Defend Truth

Opinionista

Ethics commission or Integrity Commission?

mm

Paul Hoffman SC is a director of Accountability Now.

The problem at the core of the cancer of corruption currently choking the prospects of peace, progress and prosperity in South Africa is that the incidence of the malady increases in direct proportion to the chances of not being caught.

Ismail Lagardien, writing for Daily Maverick, raises some vital questions and interesting comparative law in his gloomy piece on an ethics inquiry.

In the SA context , it is important to distinguish between a commission of inquiry and a standing constitutional commission such as the SAHRC or IEC. It is for this reason that the latter gets the capital “C” and the former the small “c” in the headline to this comment. The standing commissions have powers given to them by law; they cannot simply be closed down or diverted from the mandates given them in the Constitution. They are answerable and account to Parliament and not the executive branch of government.
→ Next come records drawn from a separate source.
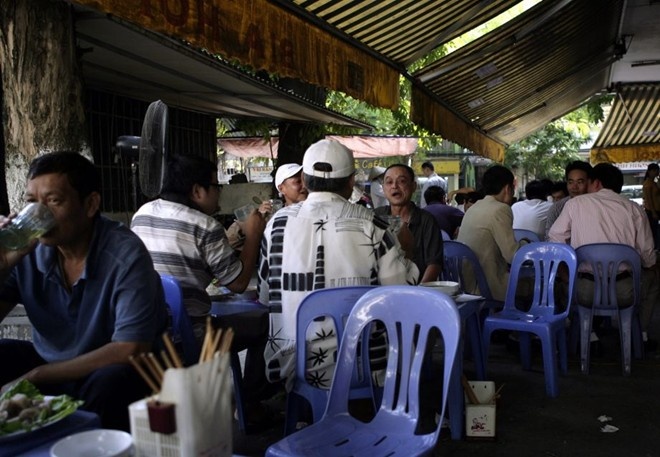 Người dân Hà Nội ăn, uống trong một quán bia. Ảnh: AP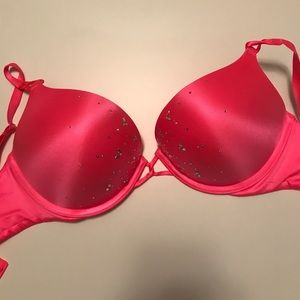 Victoria Secret Bombshell Hot Pink Bra 34C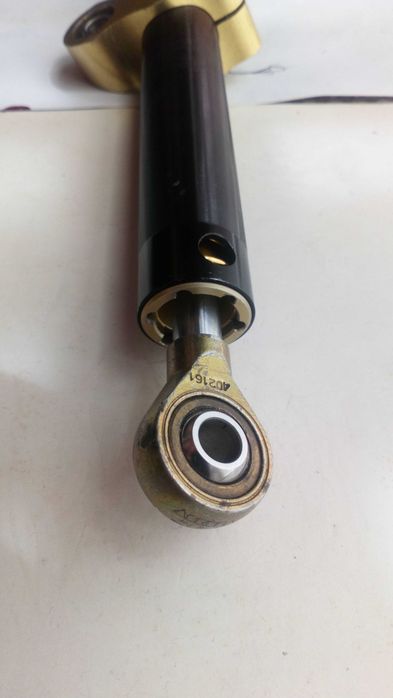 Amortecedor de direcção Hyperpro com 120mm de curso.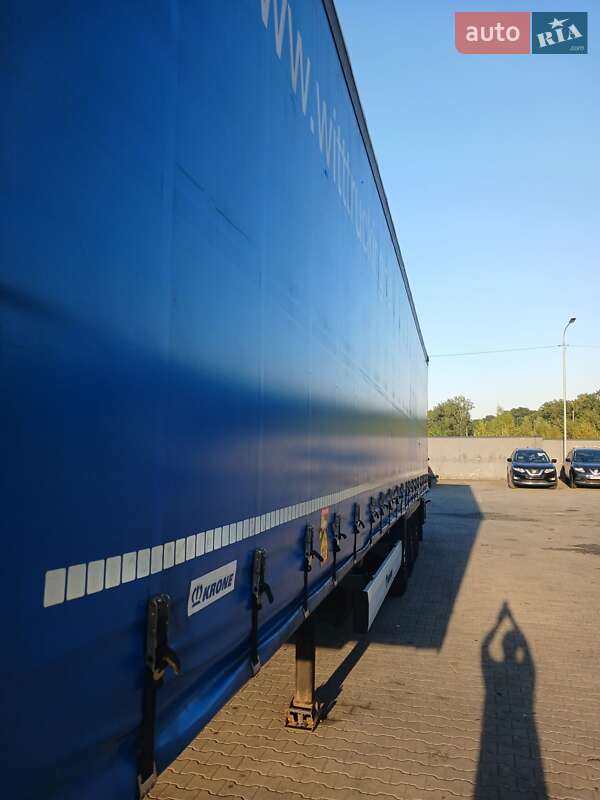 Тентованный борт (штора) - полуприцеп Krone SD 2017 в Львове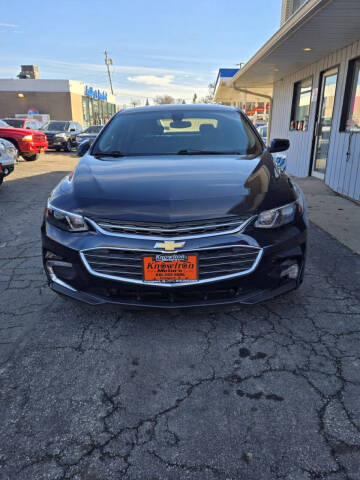 2017 Chevrolet Malibu for sale at Knowlton Motors, Inc. in Freeport IL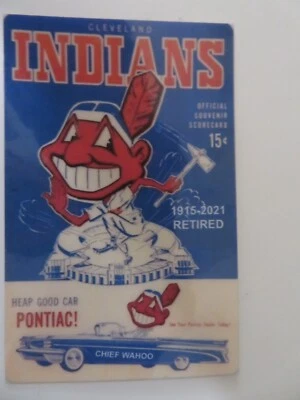 INDIOS DE CLEVELAND, JEFE WAHOO, IMÁN DE TARJETA DE PUNTUACIÓN DE RECUERDO, CABALGANDO EN SU PONTIAC Foto 1 de 3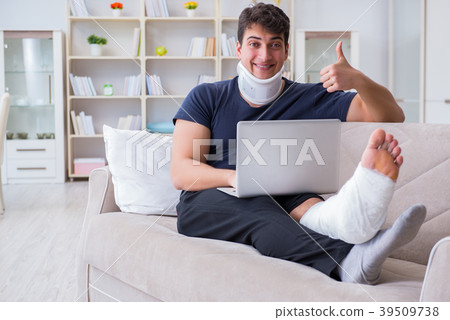 Man injured in car crash recovering at home from Man injured in car crash recovering at home from 39509738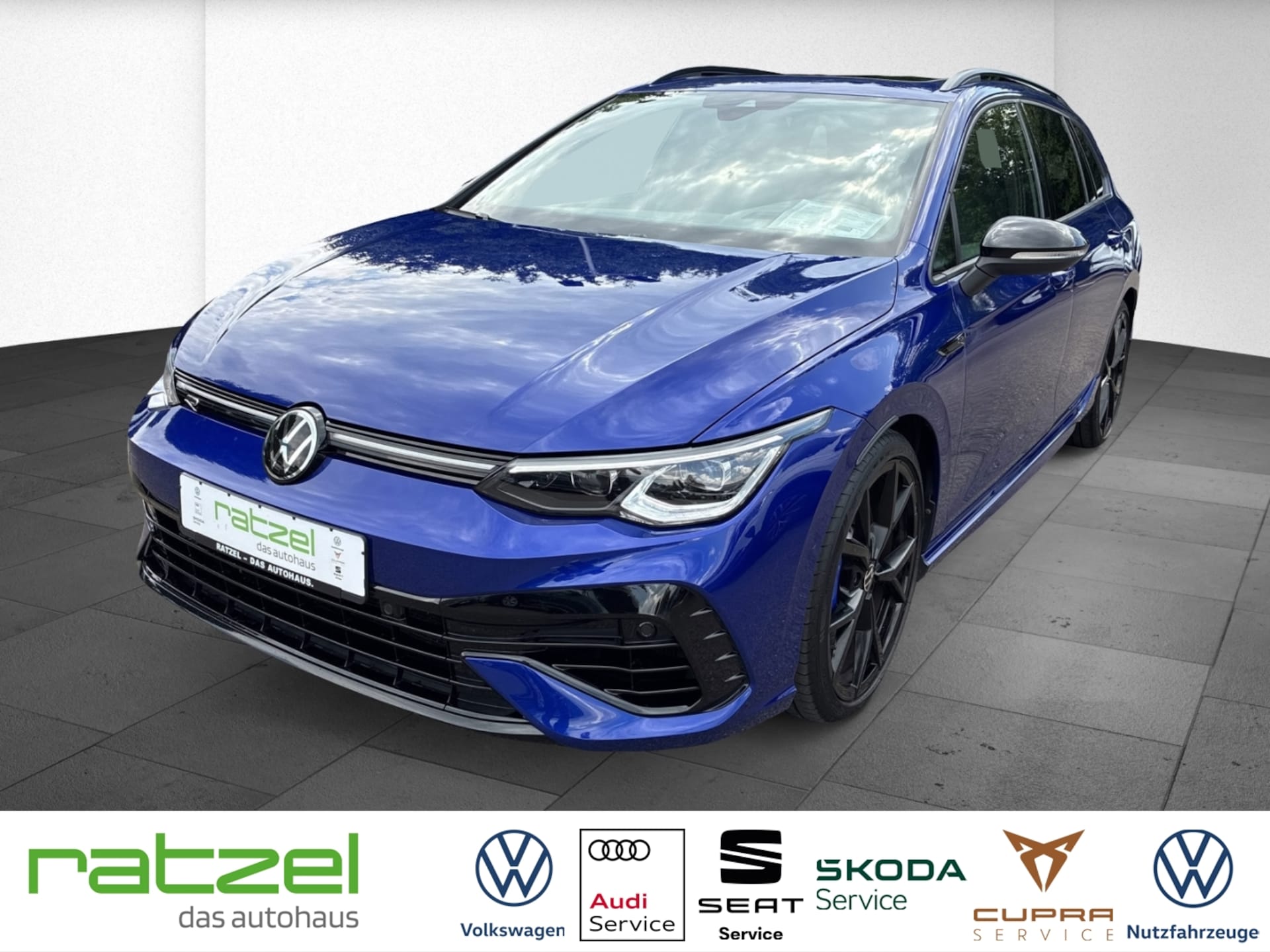 Volkswagen Golf Variant R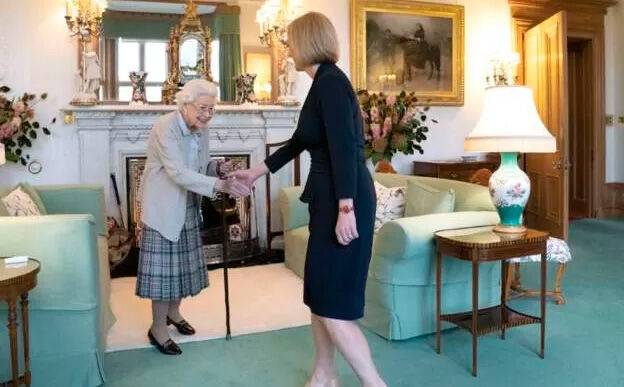Ліз Трасс зустрілась з королевою і очолила британський уряд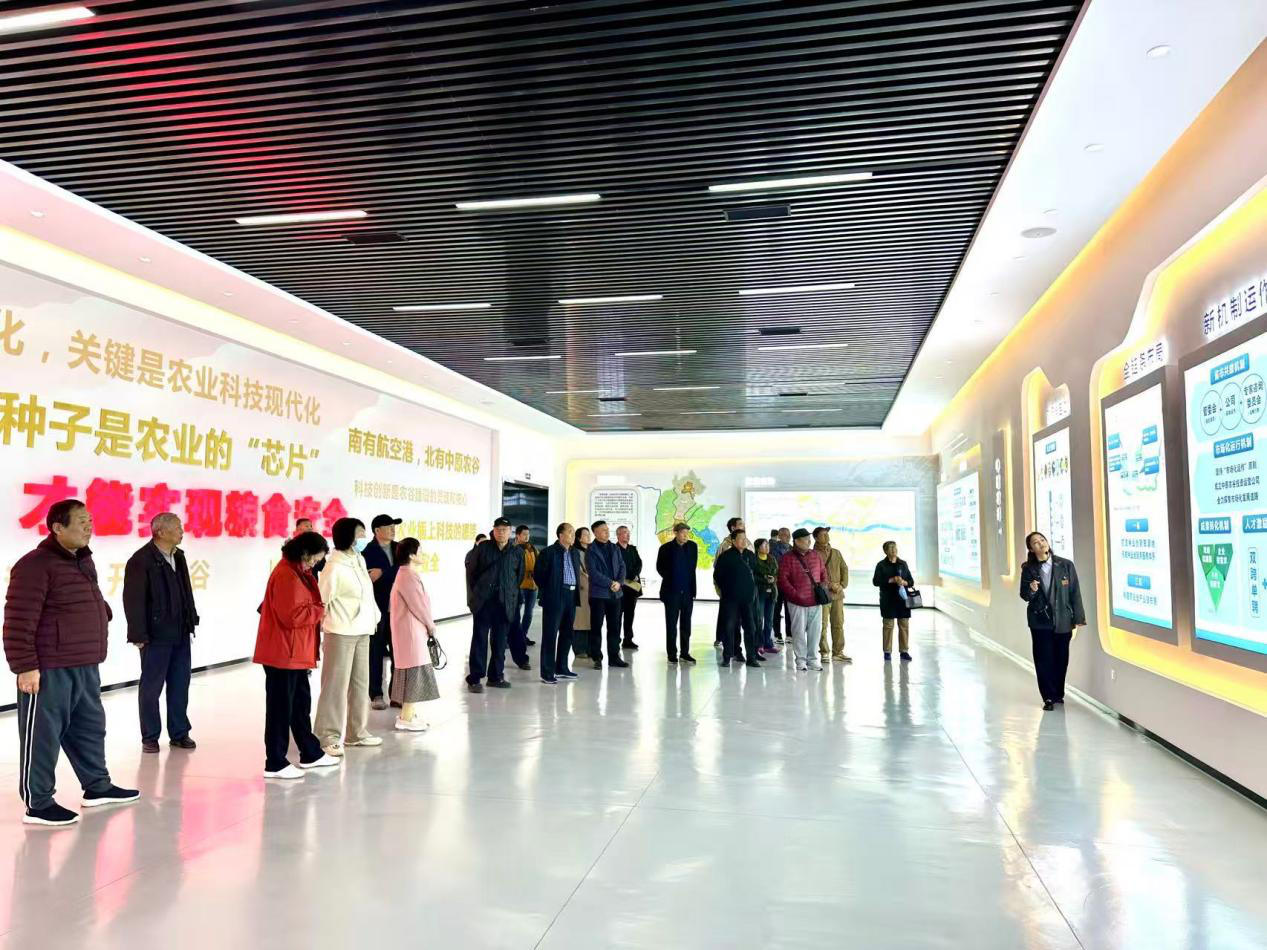 新乡市审计局组织退休老干部感受科技赋能农业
A commission of inquiry on the other hand is in essence an instrument of policy, called into existence by the executive, on terms determined by the executive and confined to the ever variable mandate given it by the executive branch of government. The findings of a commission of inquiry bind no one; they are essentially advice to the executive on complex or controversial issues, advice given on a “take it or leave it” basis.

The ethics commission referred to by Lagardien falls into the latter category, a body capable in the context of corruption to expose a great deal about which it would not have the power to do anything due to its essentially advisory nature.

The problem at the core of the cancer of corruption currently choking the prospects of peace, progress and prosperity in SA is that the incidence of the malady increases in direct proportion to the chances of not being caught. The culture of impunity abroad in the land fuels the increase in corruption, the diversion of professionals into questionable activity a la KPMG and the burgeoning quantum of the theft from the poor that is at the heart of much of the corruption in the public procurement system at present.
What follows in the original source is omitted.